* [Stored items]
....................
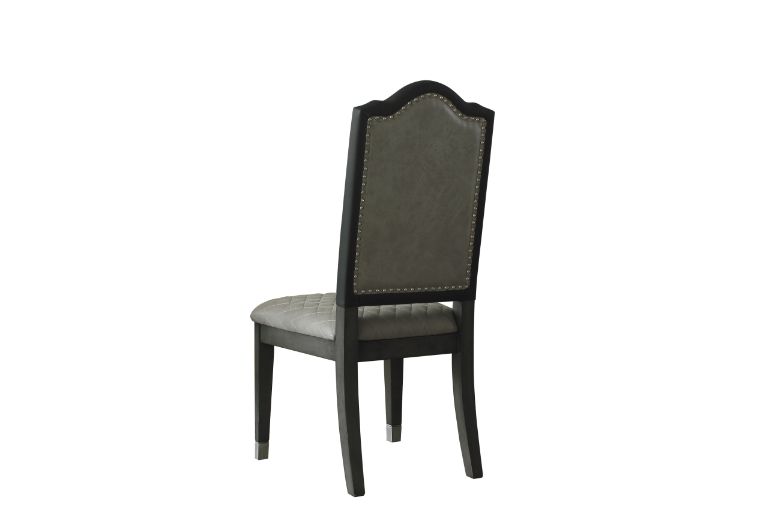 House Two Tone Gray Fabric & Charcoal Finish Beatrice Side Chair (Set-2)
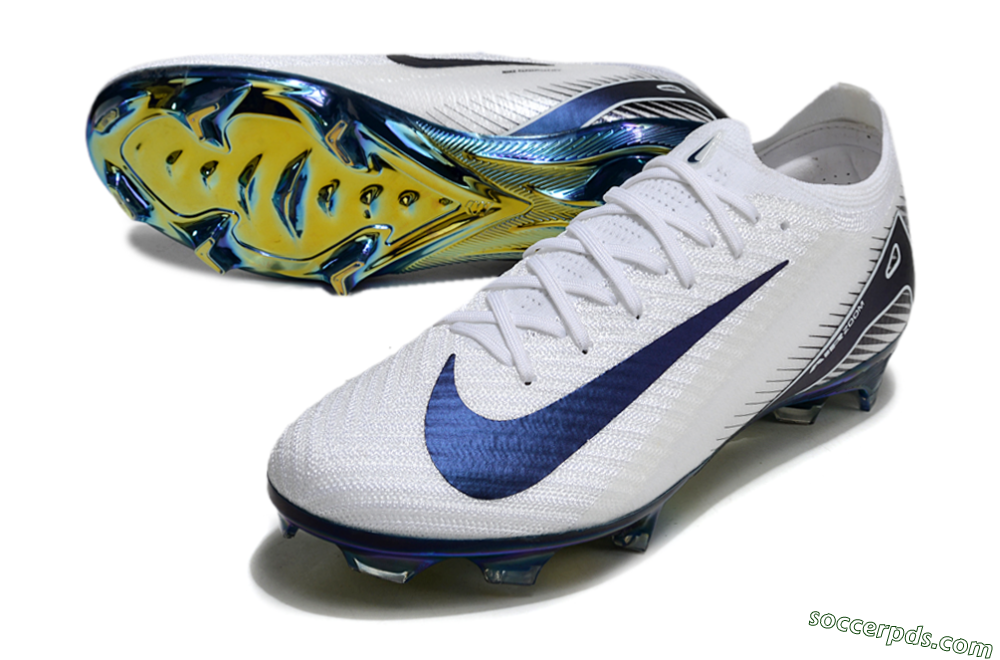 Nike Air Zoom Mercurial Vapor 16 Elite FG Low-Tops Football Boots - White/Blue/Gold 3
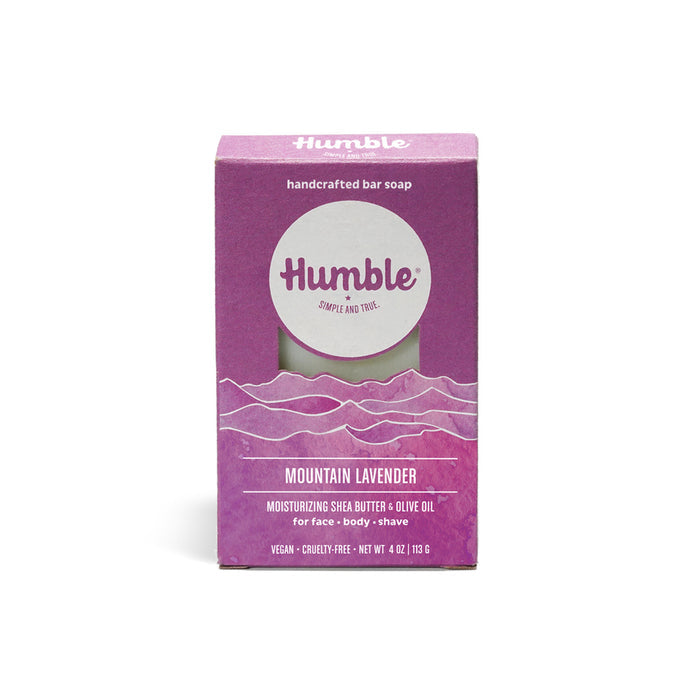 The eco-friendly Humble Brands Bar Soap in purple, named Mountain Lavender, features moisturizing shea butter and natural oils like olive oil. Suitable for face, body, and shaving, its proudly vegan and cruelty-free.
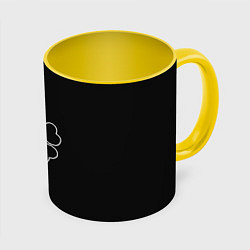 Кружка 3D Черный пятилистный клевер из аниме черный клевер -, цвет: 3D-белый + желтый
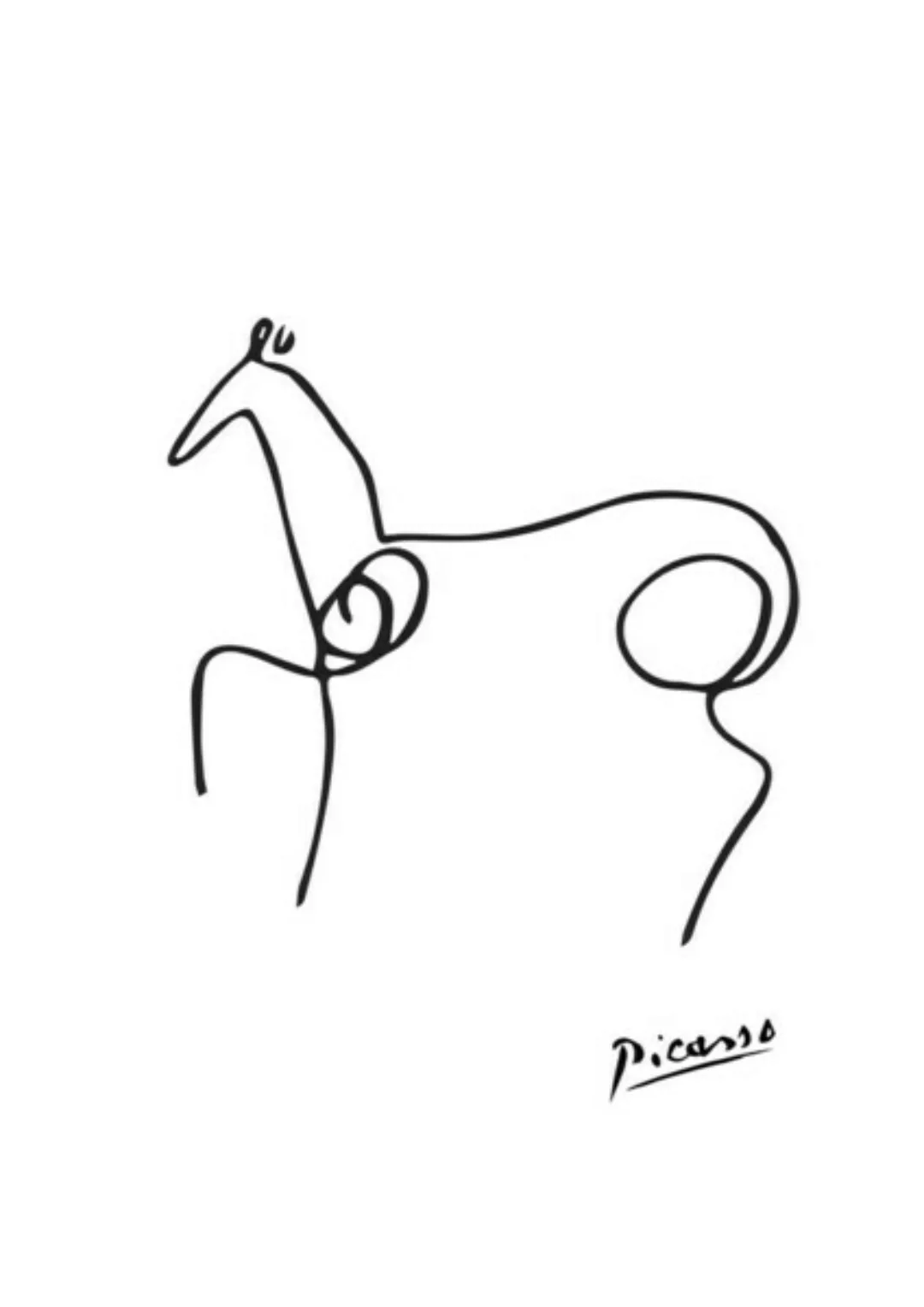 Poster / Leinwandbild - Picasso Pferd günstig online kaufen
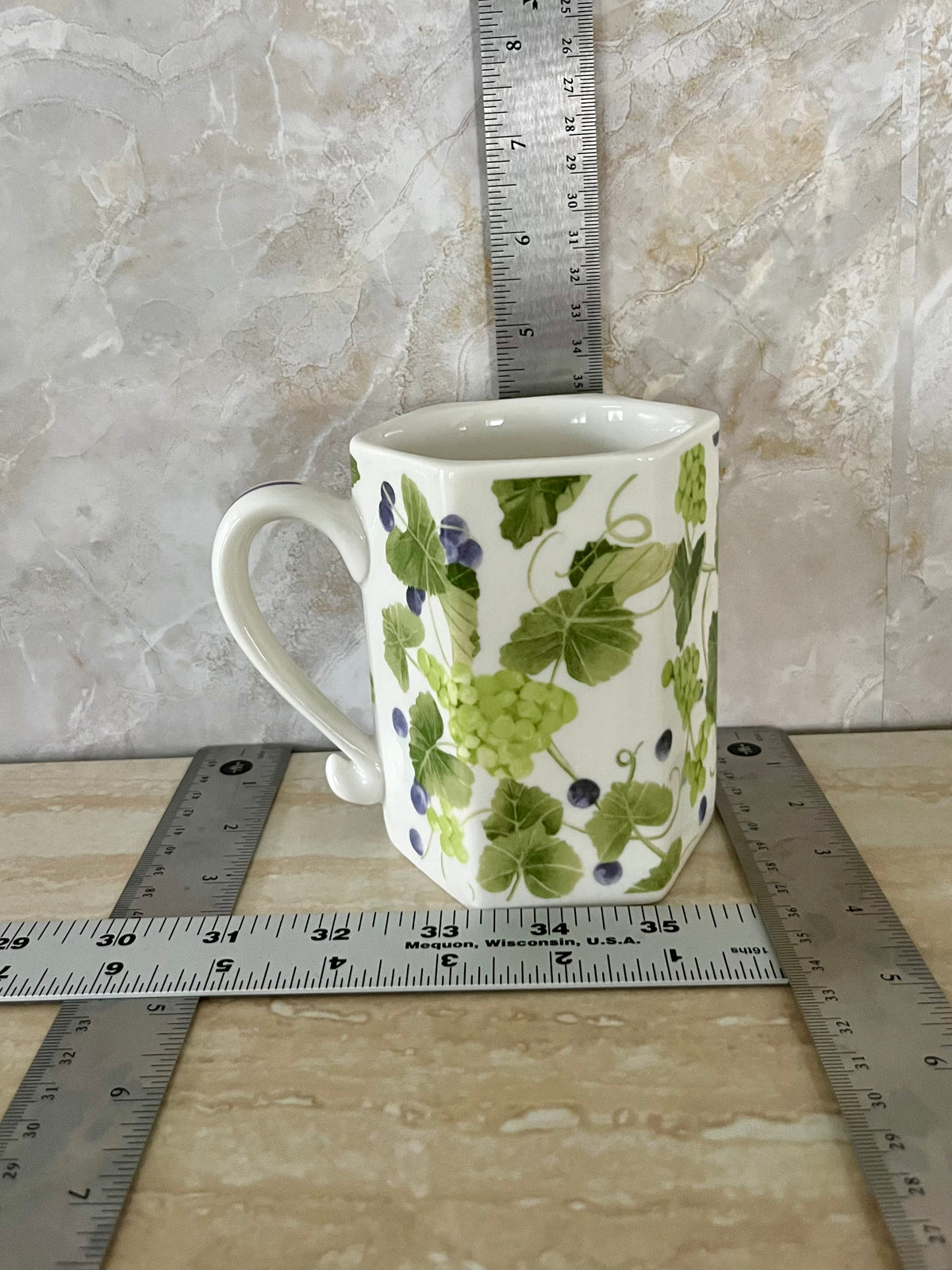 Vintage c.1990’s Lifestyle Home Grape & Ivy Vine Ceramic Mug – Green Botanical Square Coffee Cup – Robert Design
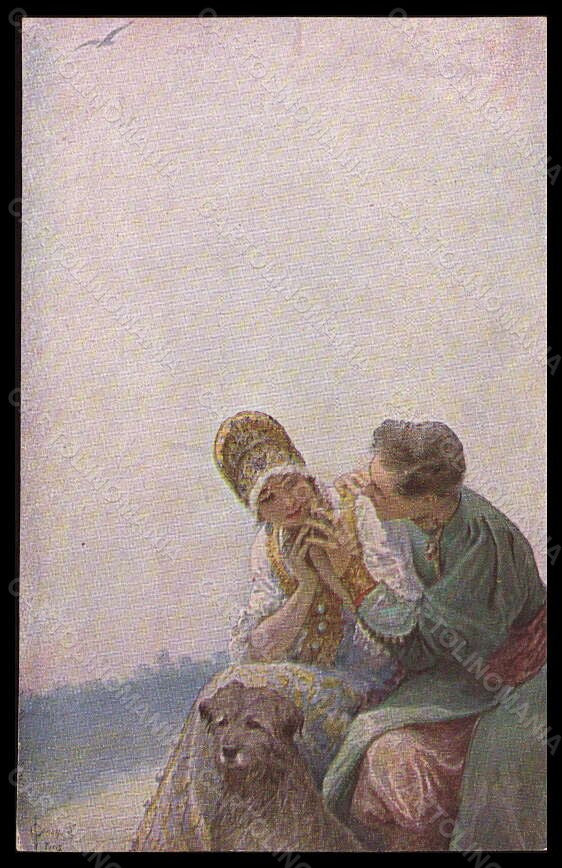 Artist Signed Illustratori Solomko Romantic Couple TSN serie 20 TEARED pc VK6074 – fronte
....................
* [WHAT IS EXPECTED] Transcribe, from the records above, the first line and every line after it up to and including the line with "The eco-friendly Humble"; omit pictures.

* [WRITTEN REPLY]
 House Two Tone Gray Fabric & Charcoal Finish Beatrice Side Chair (Set-2)
 Nike Air Zoom Mercurial Vapor 16 Elite FG Low-Tops Football Boots - White/Blue/Gold 3
 The eco-friendly Humble Brands Bar Soap in purple, named Mountain Lavender, features moisturizing shea butter and natural oils like olive oil. Suitable for face, body, and shaving, its proudly vegan and cruelty-free.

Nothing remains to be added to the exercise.